Reputation: 19308
I'm relatively new to Unix shell scripting. Here's my problem. I've used this script...
isql -S$server -D$database -U$userID -P$password << EOF > $test
exec MY_STORED_PROC
go
EOF
echo $test
To generate this result...
Msg 257, Level 16, State 1:
Server 'MY_SERVER', Procedure 'MY_STORED_PROC':
Implicit conversion from datatype 'VARCHAR' to 'NUMERIC' is not allowed. Use
the CONVERT function to run this query.
(1 row affected)
(return status = 257)
Instead of echoing the isql output, I would like to extract the "257" and stick it in another variable so I can return 257 from the script.
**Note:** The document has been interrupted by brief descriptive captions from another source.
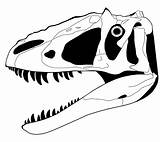 Yutyrannus Stegosaurus Skeletal Hartman Bones Bday Dinosaurs Fossils Agathaumas Seekpng Huali Papan sketch template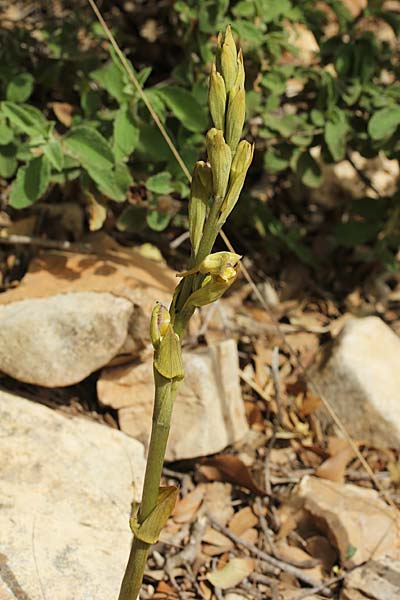 Limodorum abortivum / Violet Limodore (Color-Variant), Israel,  Kibbutz near Sasa 22.3.2018 (Photo: Jan & Liesbeth Essink)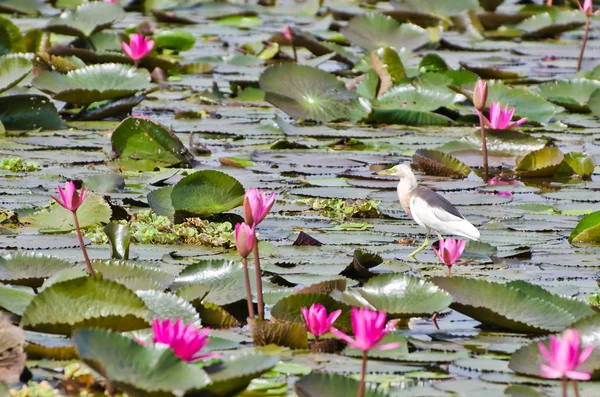 Pássaro (javan lagoa garça) na Tailândia — Fotografia de Stock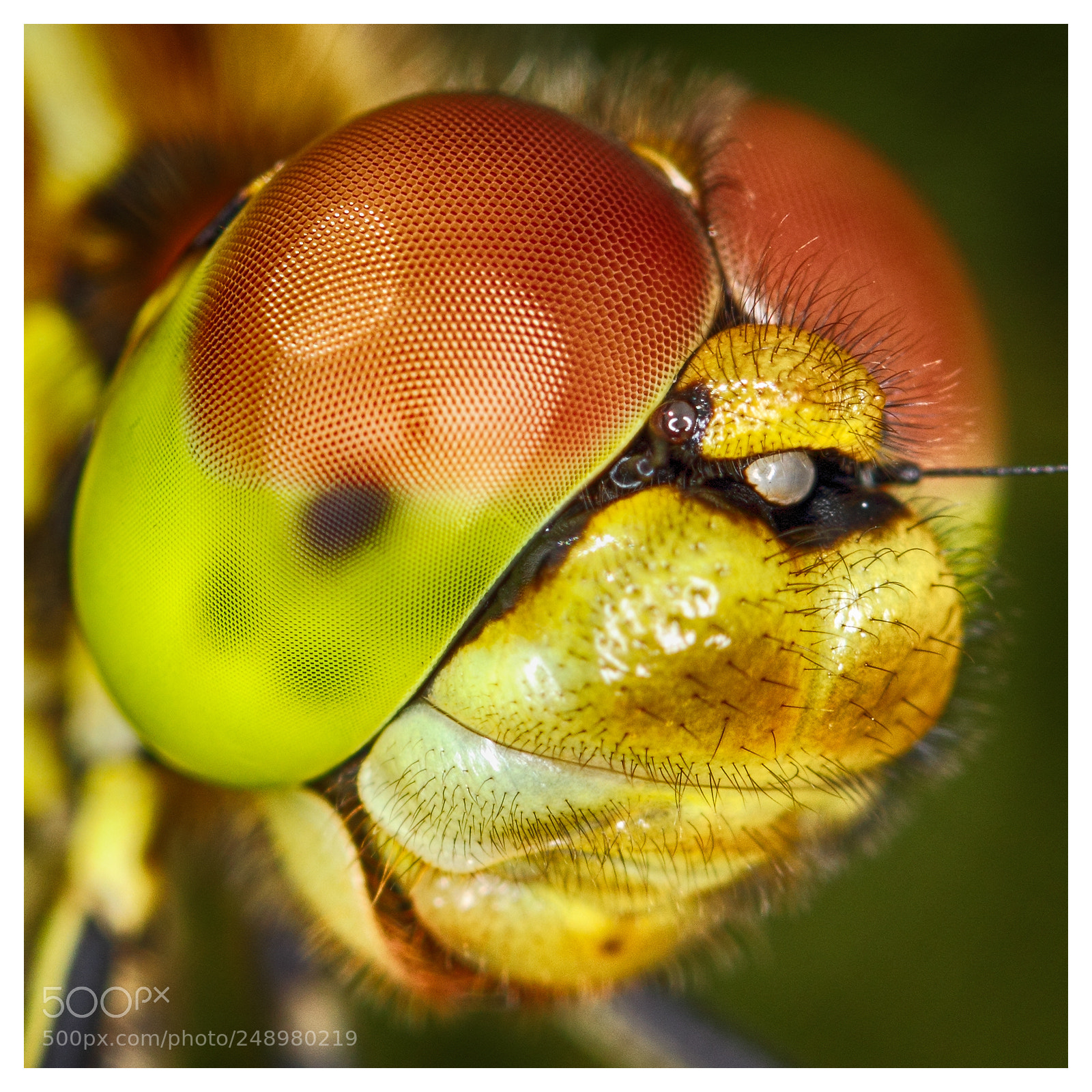 Canon EOS 550D (EOS Rebel T2i / EOS Kiss X4) sample photo. Dragonfly eyes photography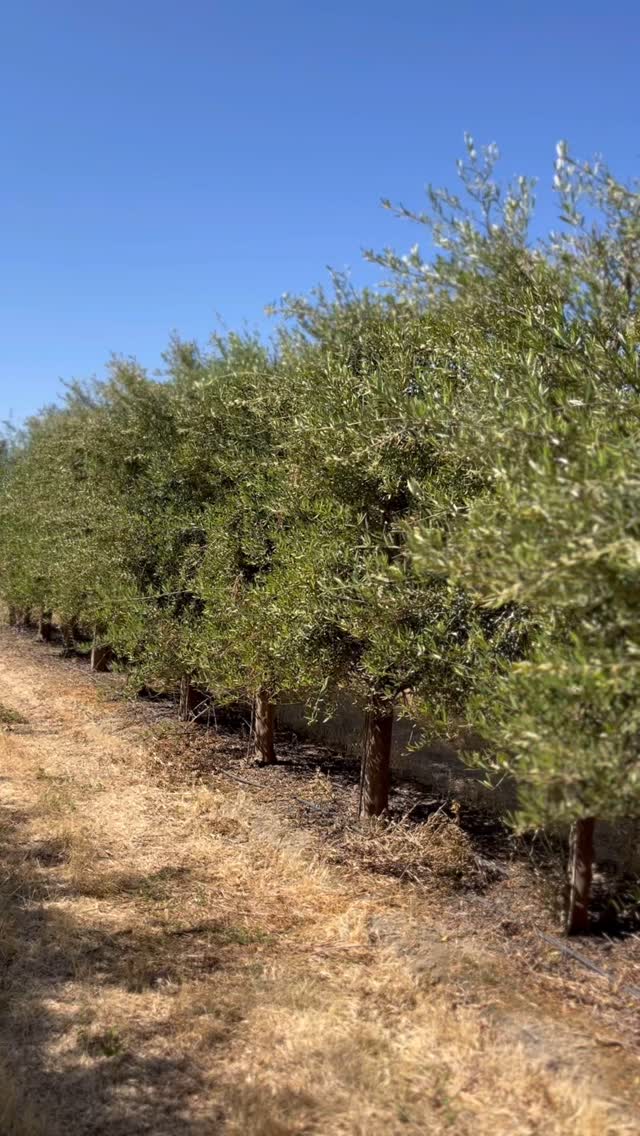Our PCA team is always on the go! We spent the day scouting olives and cherries. The olives are making steady progress in stage F bloom. Once pollination is complete, the flowers will develop into small green fruits. As for the cherries, they're being harvested, but some varieties like Reiniers still need some time to ripen. Give us a call to inquire about our Independent #PCA Consulting! 209-670-9072 🌾 #PrecissiAgServices #CAPCA #Agronomy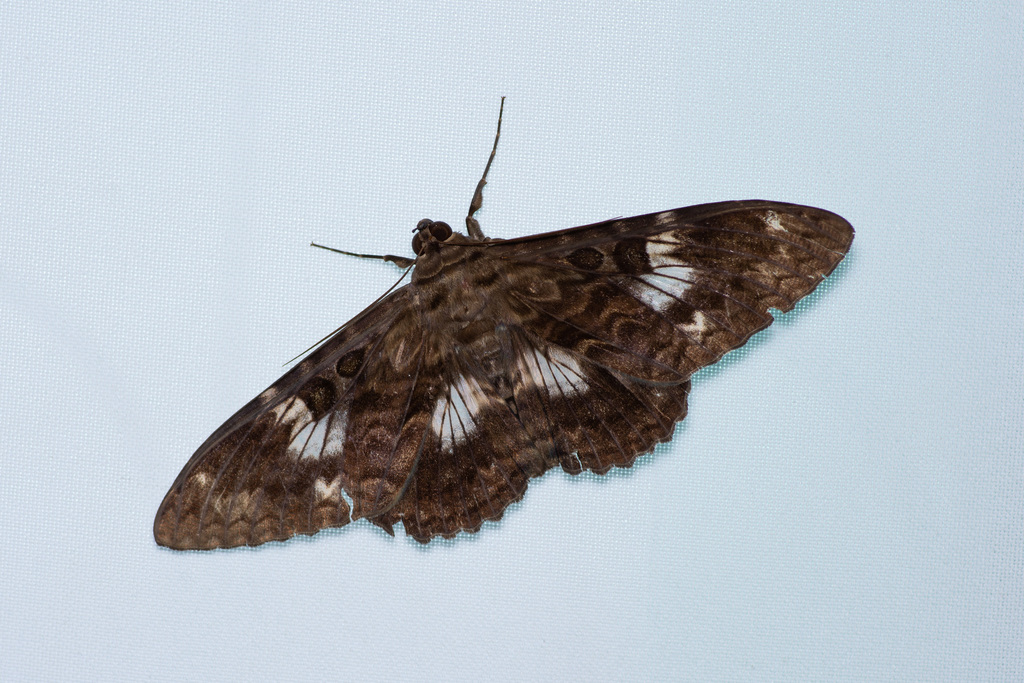 Letis specularis
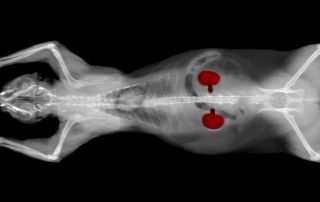A black and white X-ray image of a cat, lying on its back with paws stretched above its head. The kidneys are highlighted in red, showing their location within the feline's body. The background is black, providing clear detail for accurate assessment by a veterinarian.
I'm thinking some kind of sed or grep command will do this, but I don't really know where to start.
Any suggestions?
Upvotes: 5
Views: 26931
Reputation: 1726
bash can strip parts from the content of shell variables.
${parameter#pattern}
returns the value of $parameter without the part at the beginning that matches pattern
.
${parameter%pattern}
returns the value of $parameter without the part at the end that matches pattern
.
I guess there is a better way to do this, but this should work. So you could combine this into:
% strip the part before the value:
test=${test#Msg }
% strip the part after the value:
test=${test%, Level*}
echo $test
If you're interested in the (return status = xxx)
part, it would be:
result=${test#*(result status = }
result=${result%)*}
echo $result
The relevant section of the bash manpage is "Parameter Expansion".
Upvotes: 14
Reputation: 84239
Here is a quick and dirty hack for you, though you should really start learning this stuff yourself:
RC=`tail -1 $test |sed 's/(return status = \([0-9]\+\))/\1/'`
Upvotes: 2